A Summary and Analysis of Maya Angelou’s ‘Life Doesn’t Frighten Me’

Literature

‘Life Doesn’t Frighten Me’ is a well-known poem by Maya Angelou (1928-2014). It is the title poem from Angelou’s 1993 collection Life Doesn’t Frighten Me, which was marketed as a children’s book although Angelou did not originally conceive the poems as being specifically for children.

A brave, defiant poem about the power that can be gained from overcoming one’s fears, ‘Life Doesn’t Frighten Me’ is worthy of closer analysis, because there is a question mark hanging over precisely how the speaker of the poem has mastered her fear, and whether, in fact, she has fully succeeded.

‘Life Doesn’t Frighten Me’: summary

Angelou begins the poem with images of shadows on the wall and noises heard down the hall. Both of these things can often unnerve or even frighten people, but Angelou’s speaker announces that life itself doesn’t frighten her at all.

The second stanza continues to list things which can be construed as scary or unsettling: dogs barking or ghosts (or things whose shapes resemble ghosts). Once again, she asserts that nothing in life frightens her. Here, Angelou reverses the order of the images offered: in the first stanza we had a visual followed by an aural (or sound-related) image, but this time she gives us a scary noise followed by a frightening sight (the ghost).

The third stanza alludes to the fairy tales often collected under the title of Mother Goose or Tales from Mother Goose. These fairy stories often contain gruesome details or scary villains such as monsters, goblins, or wicked stepmothers. Lions free to roam and hunt wherever they want is obviously a terrifying prospect. But these things don’t frighten the speaker of Angelou’s poem.

Lions become dragons in the fourth stanza, breathing flame onto the counterpane (or bedspread) under which the poem’s speaker sleeps. Now she mentions the counterpane, we realise the speaker is definitely in bed at night, imagining, or literally hearing (those dogs, those noises down the hall) or seeing (those shadows on the wall) things which others might find frightening. But not her.

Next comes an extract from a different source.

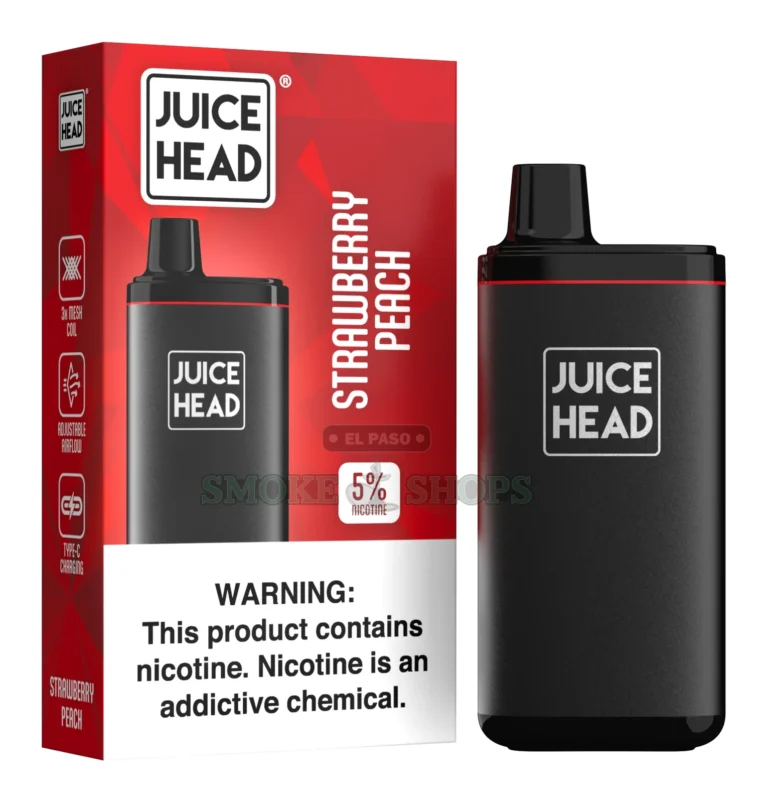 JuiceHead 5K Disposable Vape in El Paso, 5000 Puffs — El Paso Smoke Shops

All the has to do to make these things (or thoughts) disappear is to ‘go boo’ to them, to frighten them away. She is the one doing the frightening, rather than them. She reminds us that mocking them and making fun of them removes their power to worry or upset her, and once they realise they cannot make her cry, they leave her alone. They are ‘wild’ with annoyance or anger that they have failed to scare her. But, as she reminds us, life doesn’t frighten her at all.

The next stanza continues the night-time theme: we are to imagine tough men fighting on their own outside in the (lawless) streets. But this thought, or even hearing it going on outsider her window, cannot get to her. The stanza which follows raises the stakes: what if, like those lions on the loose, panthers – another big cat – were at large in the local park? And what about that perennial threat of strangers approaching you in the dark, to rob or otherwise harm you? No, these things don’t frighten her either.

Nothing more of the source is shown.